The easiest way to contribute to SHERPA is to implement new algorithms or new schedulers.

Style Guide

SHERPA uses Google style Python doc-strings (e.g. here ).

Unit Testing

Unit tests are organized in scripts under /tests/ from the SHERPA root: test_sherpa.py tests core features of SHERPA, test_algorithms.py tests implemented algorithms, and test_schedulers.py tests schedulers. The file long_tests.py does high level testing of SHERPA and takes longer to run. All testing makes use of pytest, especially pytest.fixtures. The mock module is also used.

SHERPA Code Structure

Study and Trials

In Sherpa a parameter configuration corresponds to a Trial object and a parameter optimization corresponds to a Study object. A trial has an ID attribute and a dict of parameter name-value pairs.
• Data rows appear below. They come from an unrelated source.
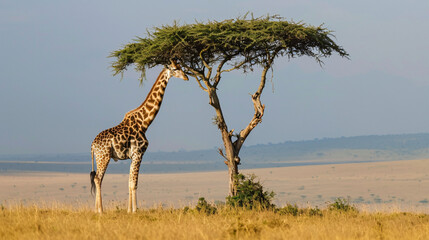 Obraz premium A giraffe stands alone beside a tree in the wilderness of Africa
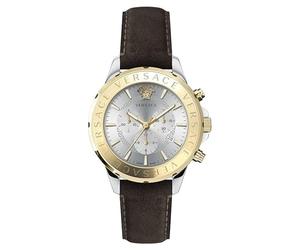 Versace Men's Swiss Watch Chrono SIGNAT.44 D/WSIL S/BRW BICSS/IP2N -Dark Brown C VEV601323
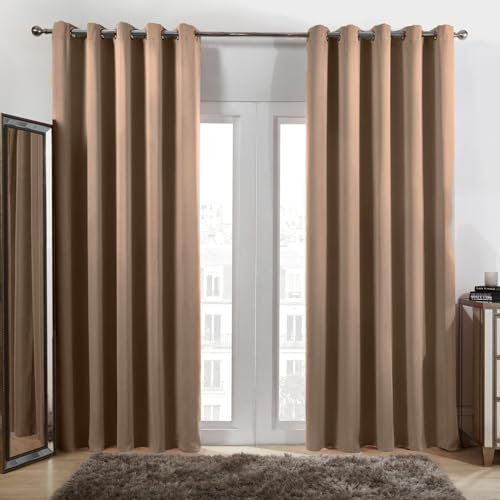 Dreamscene Eyelet Curtains Beige, Decorative Lined Curtain for Summer Winter Blackout Thermal Long Curtains for Living Room Bedroom Soft Modern 2 Panels, 66x90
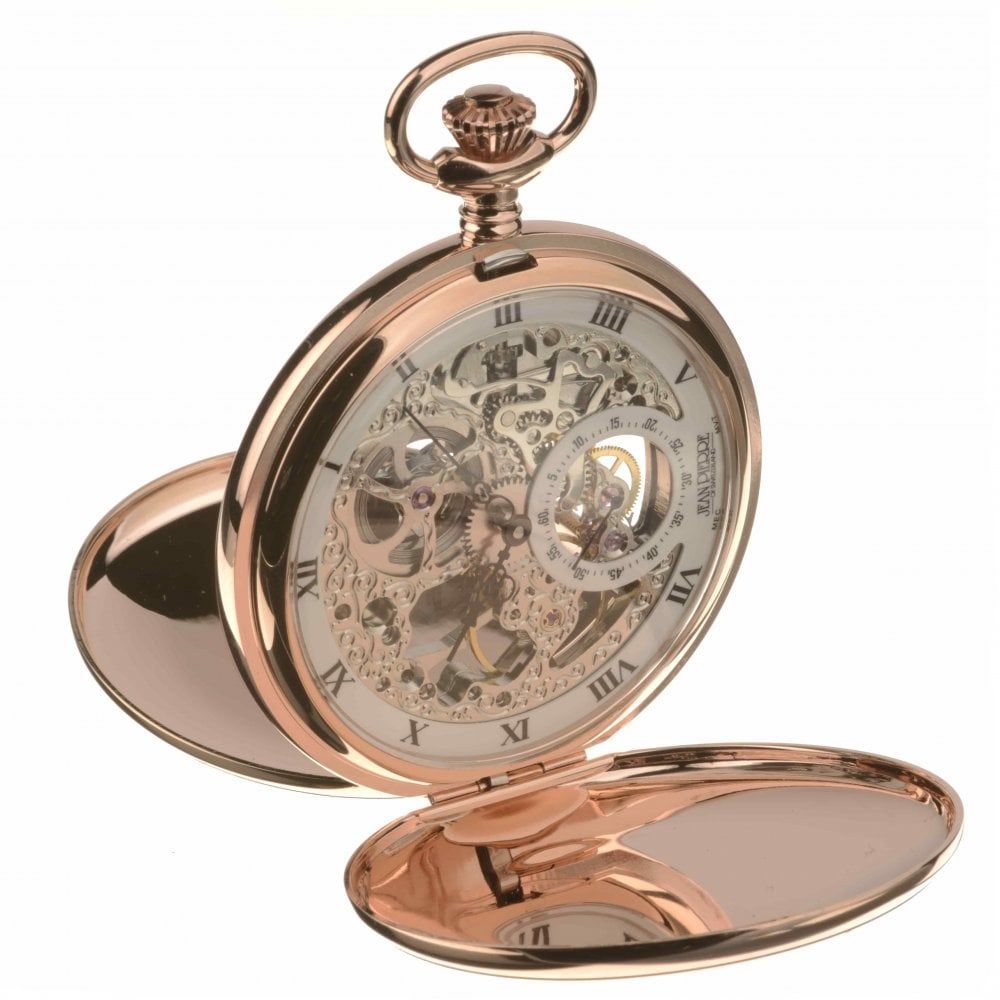 Rose Gold Plated Double Hunter Skeleton Mechanical Pocket Watch G250RPM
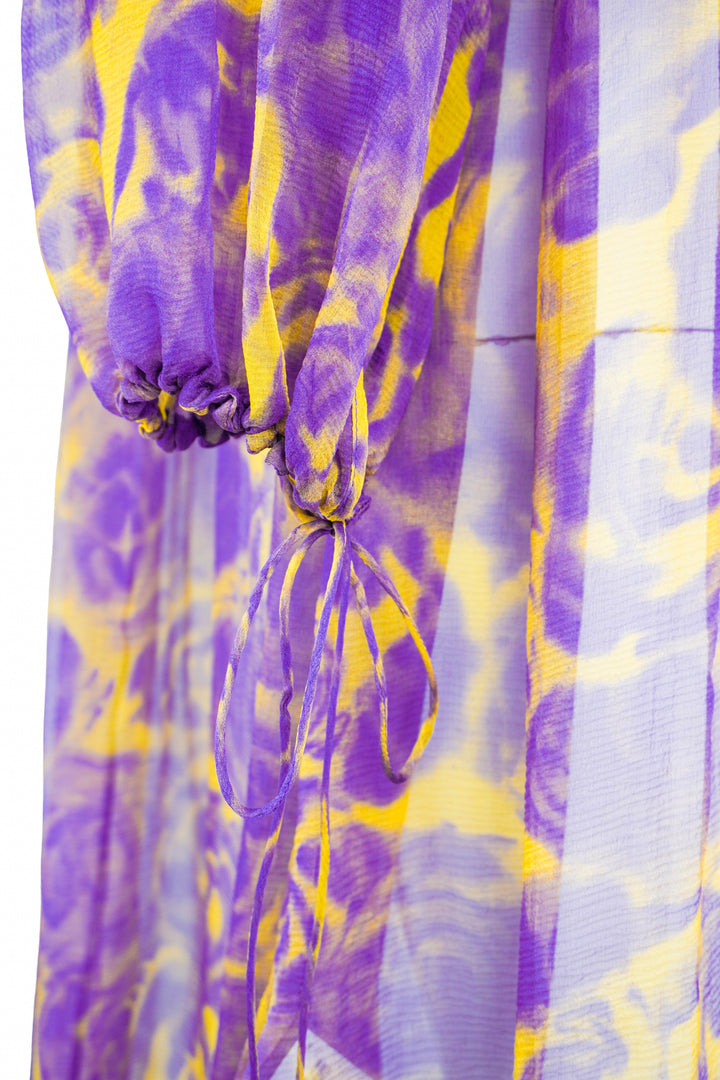 Burberry Rose Print Dress in Purple and Yellow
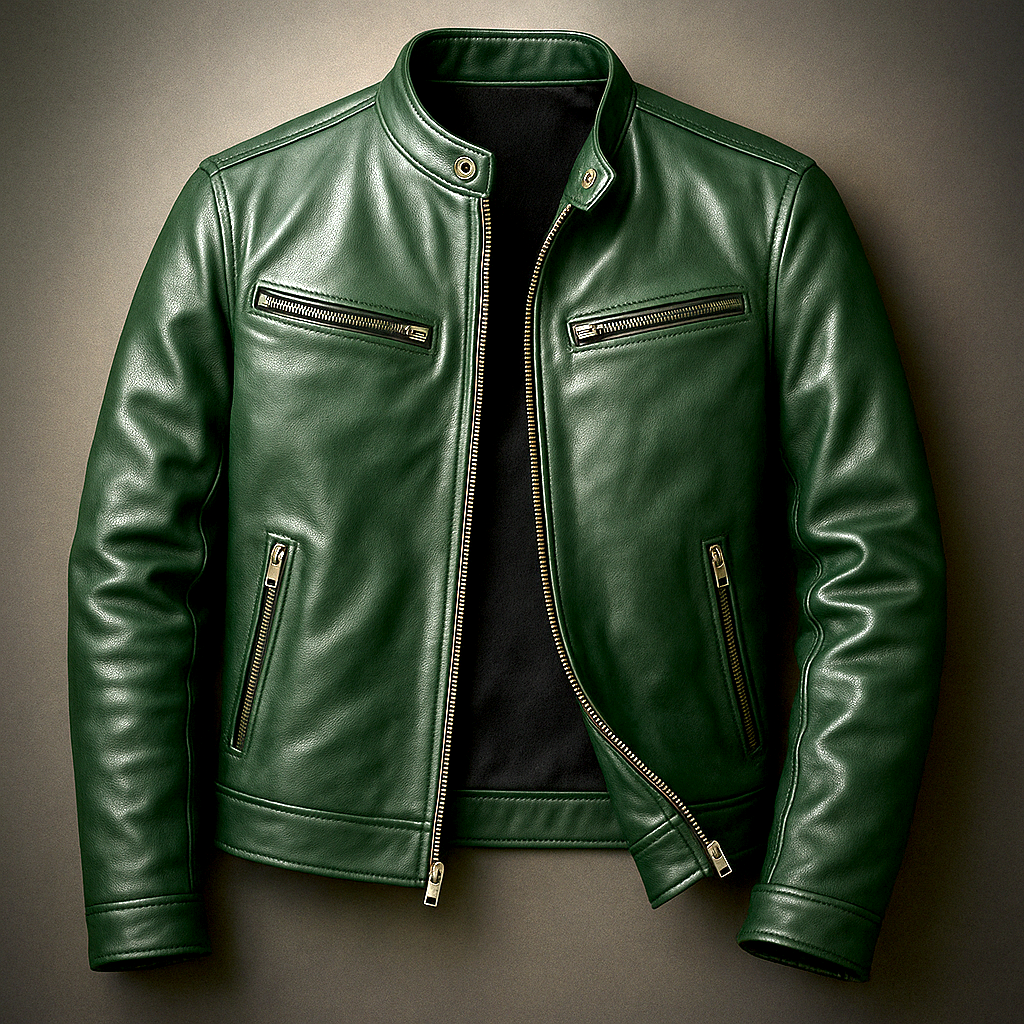 Men's Vintage Leather Jacket — Genuine Leather, Classic Fit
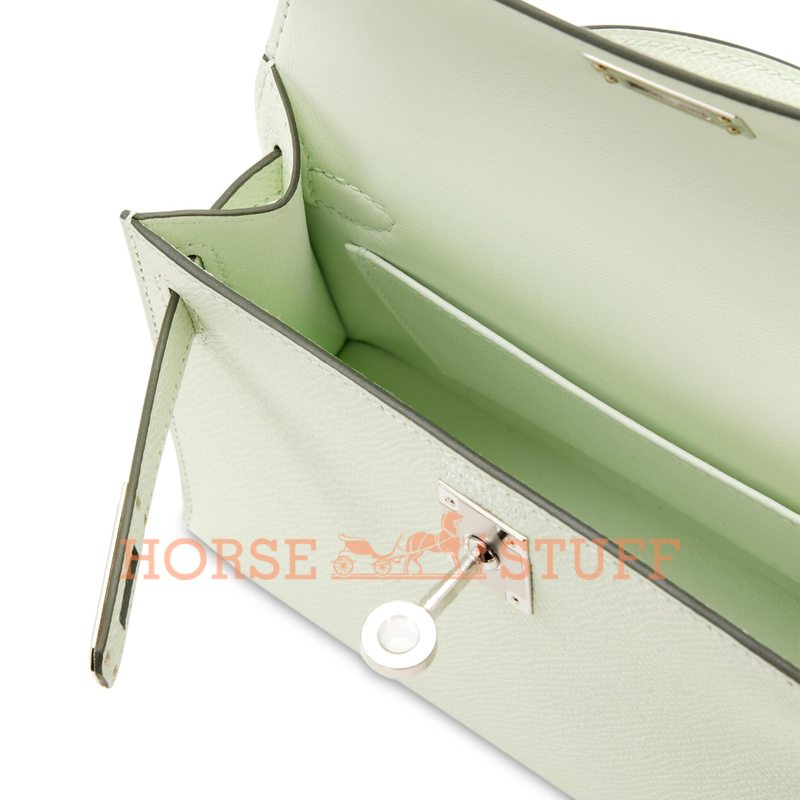 Hermès Kelly Sellier Mini II Vert Fizz Epsom PHW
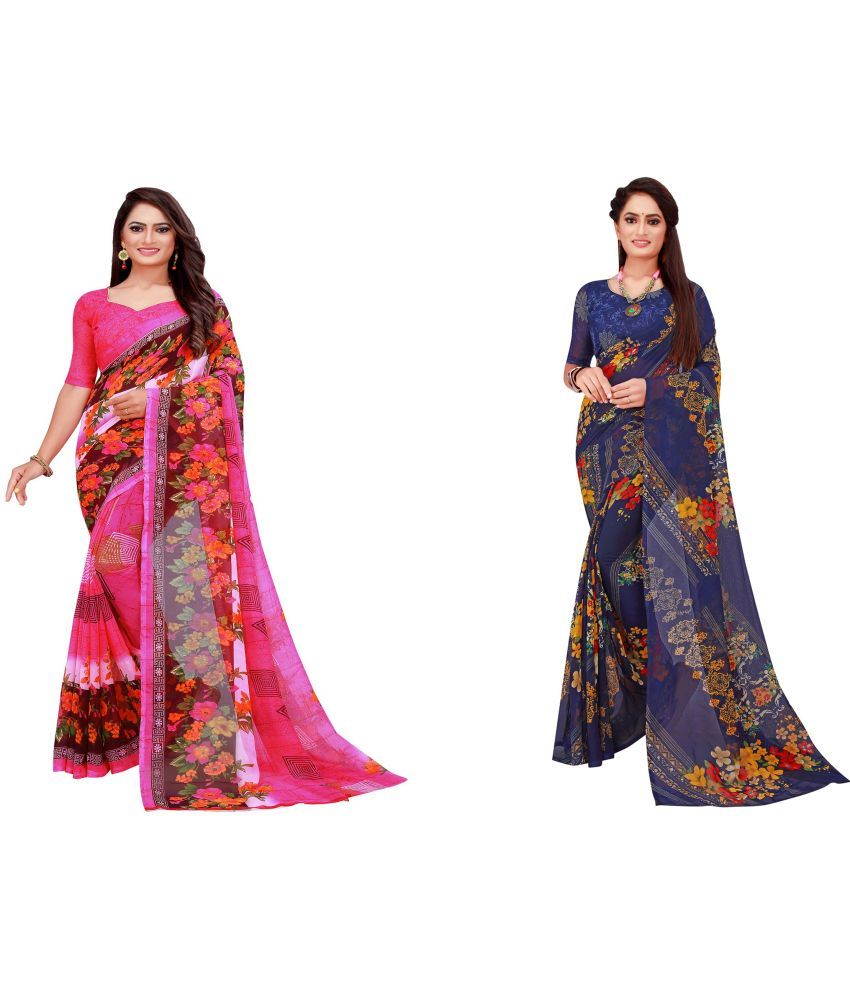     			Vkaran Cotton Silk Printed Saree With Blouse Piece - Multicolor ( Pack of 2 )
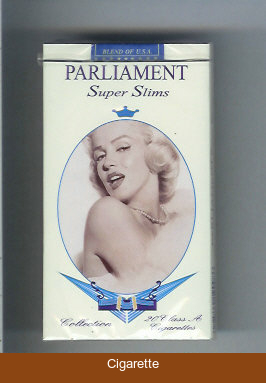 Parliament cigarettes Super Slims design with Marlin Monro 100s soft box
class sherpa.core.Trial(id, parameters)[source]

Represents one parameter-configuration here referred to as one trial.

Parameters:
  • id (int) – the Trial ID.
  • parameters (dict) – parameter-name, parameter-value pairs.

A study comprises the results of a number of trials. It also provides methods for adding a new observation for a trial to the study (add_observation), finalizing a trial (finalize), getting a new trial (get_suggestion), and deciding whether a trial is performing worse than other trials and should be stopped (should_trial_stop).

class sherpa.core.Study(parameters, algorithm, lower_is_better, stopping_rule=None, dashboard_port=None, disable_dashboard=False, output_dir=None)[source]

The core of an optimization.

Includes functionality to get new suggested trials and add observations for those. Used internally but can also be used directly by the user.

Parameters:
  • parameters (list[sherpa.core.Parameter]) – a list of parameter ranges.
  • algorithm (sherpa.algorithms.Algorithm) – the optimization algorithm.
  • lower_is_better (bool) – whether to minimize or maximize the objective.
  • stopping_rule (sherpa.algorithms.StoppingRule) – algorithm to stop badly performing trials.
  • dashboard_port (int) – the port for the dashboard web-server, if None the first free port in the range 8880 to 9999 is found and used.
  • disable_dashboard (bool) – option to not run the dashboard.
  • output_dir (str) – directory path for CSV results.
  • random_seed (int) – seed to use for NumPy random number generators throughout.

In order to propose new trials or decide whether a trial should stop, the study holds an sherpa.algorithms.Algorithm instance that yields new trials and a sherpa.algorithms.StoppingRule that yields decisions about performance. When using Sherpa in API-mode the user directly interacts with the study.

Runner

The _Runner class automates the process of interacting with the study. It consists of a loop that updates results, updates currently running jobs, stops trials if necessary and submits new trials if necessary. In order to achieve this it interacts with a sherpa.database._Database object and a sherpa.schedulers.Scheduler object.

class sherpa.core._Runner(study, scheduler, database, max_concurrent, command, resubmit_failed_trials=False)[source]

Encapsulates all functionality needed to run a Study in parallel.

Responsibilities:

  • Get rows from database and check if any new observations need to be added
    to Study.
  • Update active trials, finalize any completed/stopped/failed trials.
  • Check what trials should be stopped and call scheduler kill_job
    method.
  • Check if new trials need to be submitted, get parameters and submit as a
    job.
Parameters:
  • study (sherpa.core.Study) – the study that is run.
  • scheduler (sherpa.schedulers.Scheduler) – a scheduler object.
  • database (sherpa.database._Database) – the database.
  • max_concurrent (int) – how many trials to run in parallel.
  • command (list[str]) – components of the command that runs a trial script e.g. [“python”, “train_nn.py”].
  • resubmit_failed_trials (bool) – whether a failed trial should be resubmitted.

Putting it all together

The user does not directly interact with the _Runner class. Instead it is wrapped by the function sherpa.optimize that sets up the database and takes algorithm and scheduler as arguments from the user.